Amyloids are proteins capable of forming aberrant intramolecular contact sites, characteristic of beta zipper configuration. Amyloids can underlie serious health conditions, e.g. Alzheimer’s or Parkinson’s diseases. It has been proposed that short segments of amino acids can be responsible for protein amyloidogenicity, but no more than two hundred such hexapeptides have been experimentally found. The authors of the computational tool Pafig published in BMC Bioinformatics a method for extending the amyloid hexapeptide dataset that could be used for training and testing models. They assumed that all hexapeptides belonging to an amyloid protein can be regarded as amylopositive, while those from proteins never reported as amyloid are always amylonegative. Here we show why the above described method of extending datasets is wrong and discuss the reasons why the incorrect data could lead to falsely correct classification.

Results

The amyloid classification of hexapeptides by Pafig was confronted with the classification results from different state of the art computational methods and the outputs of all methods were studied by clustering analysis. The clustering methods show that Pafig is an outlier with regard to other approaches. Our study of the statistical patterns of its training and testing datasets showed a strong bias towards STVIIE hexapeptide in their positive part. Different statistical patterns of seemingly amylo -positive and -negative hexapeptides allow for a repeatable classification, which is not related to amyloid propensity of the hexapetides.

Conclusions

Our study on recognition of amyloid hexapeptides showed that occurrence of incidental patterns in wrongly selected datasets can produce falsely correct results of classification. The assumption that all hexapeptides belonging to amyloid protein can be regarded as amylopositive and those from proteins never reported as amyloid are always amylonegative is not supported by any other computational method. This is in line with experimental observations that amyloid propensity of a full protein can result from only one amyloidogenic fragment in this protein, while the occurrence of amyliodogenic part that is well hidden inside the protein may never lead to fibril formation. This leads to the conclusion that Pafig does not provide correct classification with regard to amyloidogenicity.

Keywords

Machine learning Amyloid Intramolecular contact sites Hot spot

Background

Amyloids are proteins capable of forming aberrant intramolecular contact sites that are characteristic of the beta zipper configuration, and can lead to fibrils instead of the functional structure of a protein [1-5]. The processes of amyloid oligomerization, which precedes fibril formation is currently regarded as responsible for serious health conditions, such as Alzheimer’s disease (amyloid-β, tau), Parkinson’s disease (α-synuclein), type 2 diabetes (amylin), Creutzfeldt-Jakob’s disease (prion protein), Huntington disease (huntington), amyotrophic lateral sclerosis (SOD1), and many others (for a review see e.g.) [6]. Therefore, it is of great interest to develop methods for predicting mechanisms leading to this phenomenon. It has been proposed that short segments of amino acids can be responsible for the amyloidogenic properties [7, 8]. Those fragments are harmless only when they are buried inside a protein. The fragments responsible for amyloidogenicity of the whole protein are believed to be 4-10 residues long and it is often assumed that 6-residue fragments with amyloidogenic properties are sufficient “hot spots” [9]. Recognition of amyloidogenic fragments can be obtained by computational approach, for example physico-chemical methods, e.g. Tango [10], ZipperDB [9, 11], Pasta [12], AggreScan [13], PreAmyl [14], Zyggregator [15], CamFold [16], NetCSSP [17], FoldAmyloid [18], AmyloidMutant [19, 20], BetaScan [21], and consensus AmylPred [22]. Statistical methods have also been employed in the classification. In our previous work we used classical machine learning methods [23] based on WEKA [24]. Other methods include Waltz [25] using Position Specific Scoring Matrices (PSSM), or Bayessian classifier and weighted decision tree applied to long sequences of bacterial antibodies [26].

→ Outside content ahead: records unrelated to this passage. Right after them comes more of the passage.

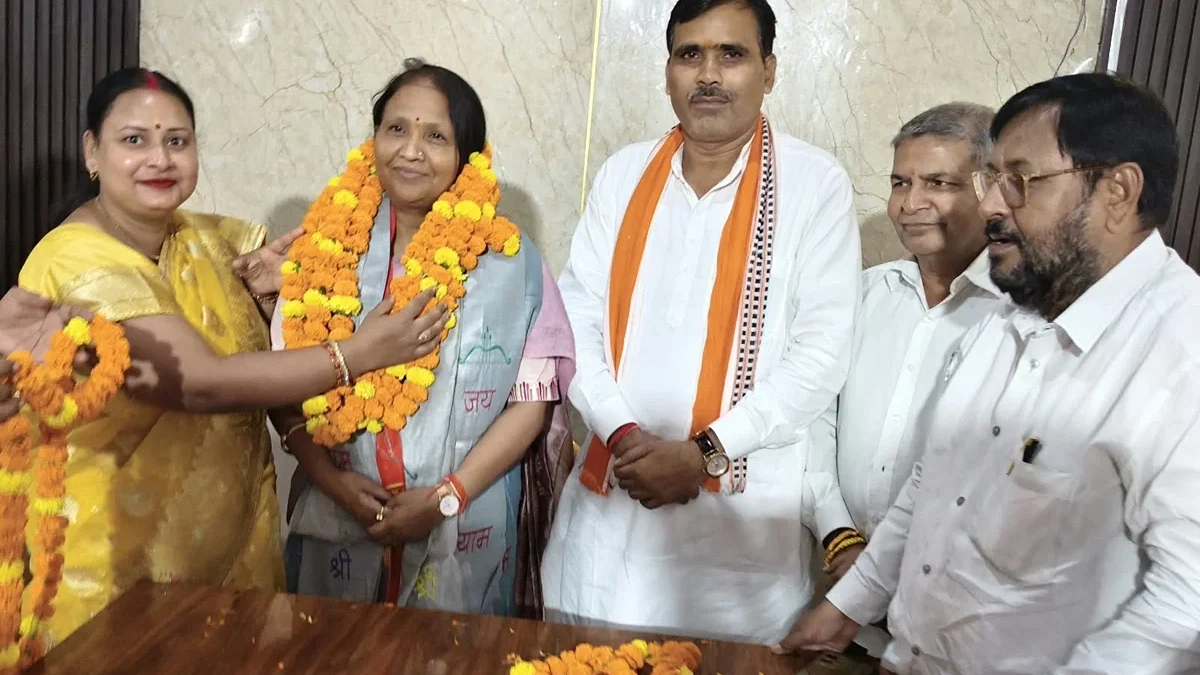 शाहजहांपुर: गीता शाक्य ने कार्यकर्ताओं को कहा, जनसंपर्क बनाए रखें, बूथ मजबूत करें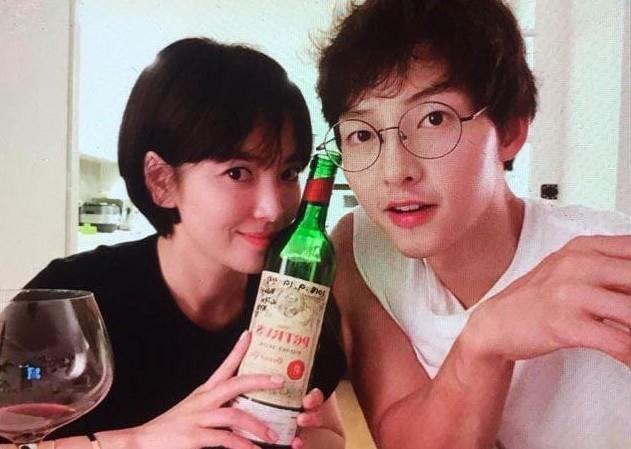 bố Song Joong Ki buồn bã ảnh 1 bo Song Joong Ki buon ba anh 1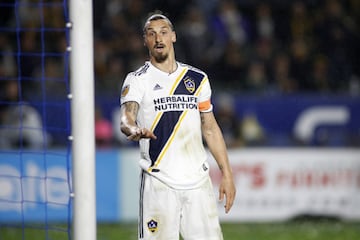 Equipo: Los Angeles Galaxy.
Posición: Delantero.
Compensación garanantizada: 7.2 millones de dólares anuales.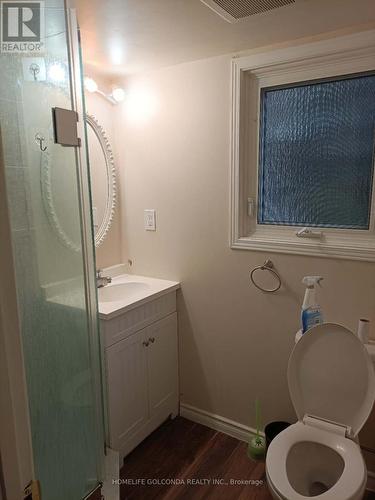 2475 Council Ring Road, Mississauga, ON - Indoor Photo Showing Bathroom
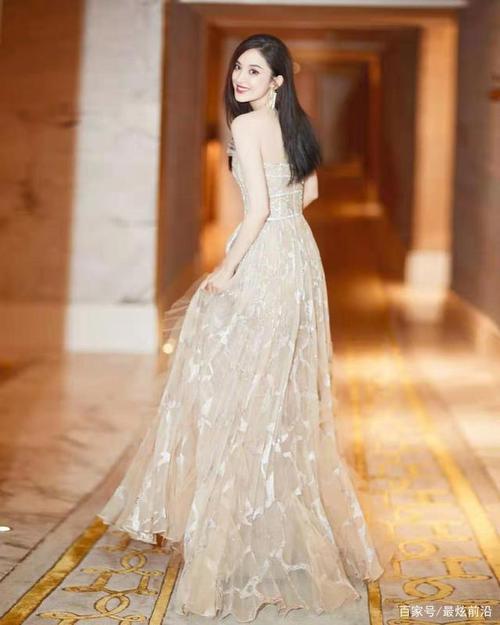 迪丽热巴和古力娜扎,都搭配抹胸裙,终于明白女人身材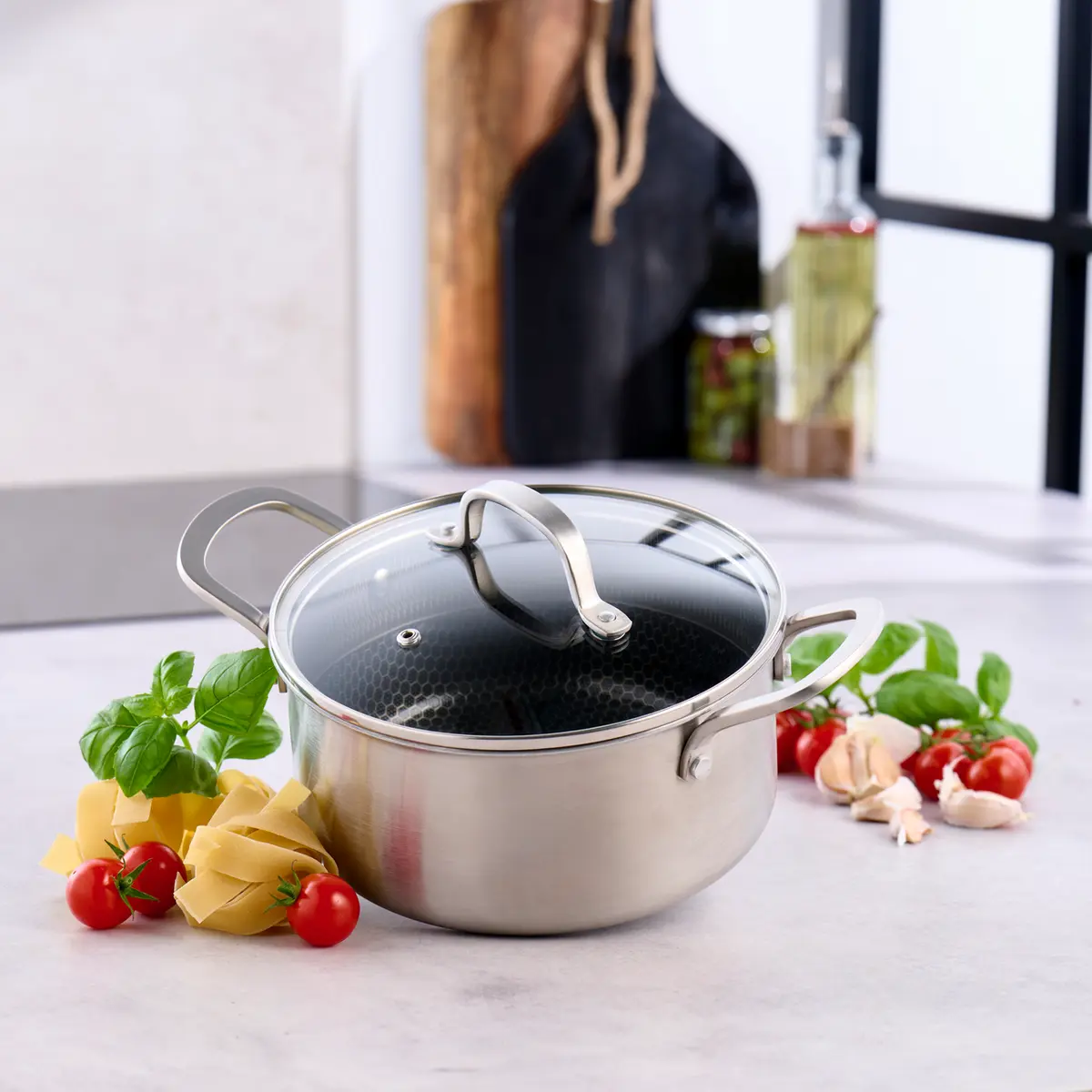 DAY GRYTE KERAMISK 2,7L Ø20CM MED LOKK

No more than two hundreds of such hexapeptides have been experimentally found. New computational algorithms are trained or validated on the scarce experimental dataset. Two papers published in BMC Bioinformatics, presenting machine learning methods - Pafig [27] and another approach based on Pafig [28], used their own method for extending the training and testing datasets. The authors assumed that all hexapeptides that belong to an amyloid protein can be regarded as amylo-positive, while those from proteins never reported as amyloid are always amylo-negative. Different machine learning methods were then applied to classify amyloid hexapeptides trained on a few thousand of full-length proteins cut into hexapeptides, which were labeled according to this scheme. The classification, validated on hexapeptides obtained in the same way, produced seemingly good results.

However, due to experimental observations, amyloid propensity of a full protein can result only from one amyloidogenic fragment in this protein, while the occurrence of amyloiodogenic part, which is well hidden inside the protein, may never lead to fibril formation. This was confirmed by results of 3D profile method [9], which produced the largest computational database of potential amyloid hexapeptides - ZipperDB [11]. In the database there are very many examples of proteins including highly amyloidogenic fragments that have never been observed to form an amyloid. It is possible that those fragments are screened inside the protein and deprived of contacts with other fragments of high amyloid propensity, hence unable to start oligomerization and fibril formation.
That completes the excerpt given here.